That’s basically how Binyamin Appelbaum, at the Times, is describing the housing situation today in suburban Long Island, and he’s right. Four decades is an awfully long time to have to beg the good people of an ostensibly enlightened New York suburb to approve fewer than 150 new apartments:
Housing Help, a local civil rights group, first proposed the 146-unit development, known as Matinecock Court, in the late 1970s to provide some of the less expensive housing that the town so desperately needs. Huntington fought the project all the way to the Supreme Court, and even after losing the case, officials continued to find ways to delay development.
It’s not even a rental property. It’s a limited-equity cooperative. More:
For others, the issue has been transformed because now, rather than strangers, it is their children who are in need of more affordable homes. Hunter Gross, 26, grew up in Huntington and returned to the town after college in Ohio and a few years in Brooklyn. Mr. Gross, the head of a group called the Huntington Township Housing Coalition, which supports more development, makes about $60,000 a year as a political consultant, but he said he slept in a spare bedroom at his aunt’s house because he hasn’t been able to find an apartment.
None of this is new. In The Poor Side of Town, Howard Husock reported that in the late 1940s William Levitt resorted to packing a Hempstead zoning board meeting with a sympathetic crowd of returning World War II veterans (and their young families) to win approval from a skeptical board for a proposal that would become Levittown.
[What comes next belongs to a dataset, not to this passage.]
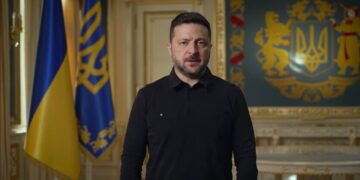 Зеленский: Украина поразила объекты в Самарской области и позиции “Искандеров”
Keeping certain groups of people out of town — and making others beg for permission to develop private property — has been par for the course since the advent of American zoning. (In earlier eras, subdivisions could achieve exclusion through similar devices in private covenants, but municipalities had less direct power to do so.) The biggest change is how much further up the socioeconomic hierarchy the exclusion now goes.
Still, one can be sure there’s no shortage of, “In this home, we believe …” lawn signs in Huntington. Across the New York suburbs, the cost of a single-family home with modest curb-appeal is creeping ever closer to a million dollars, and property taxes often rate in thousands-per-month. Here, “no human is illegal” — just the apartment that he or she could afford live in.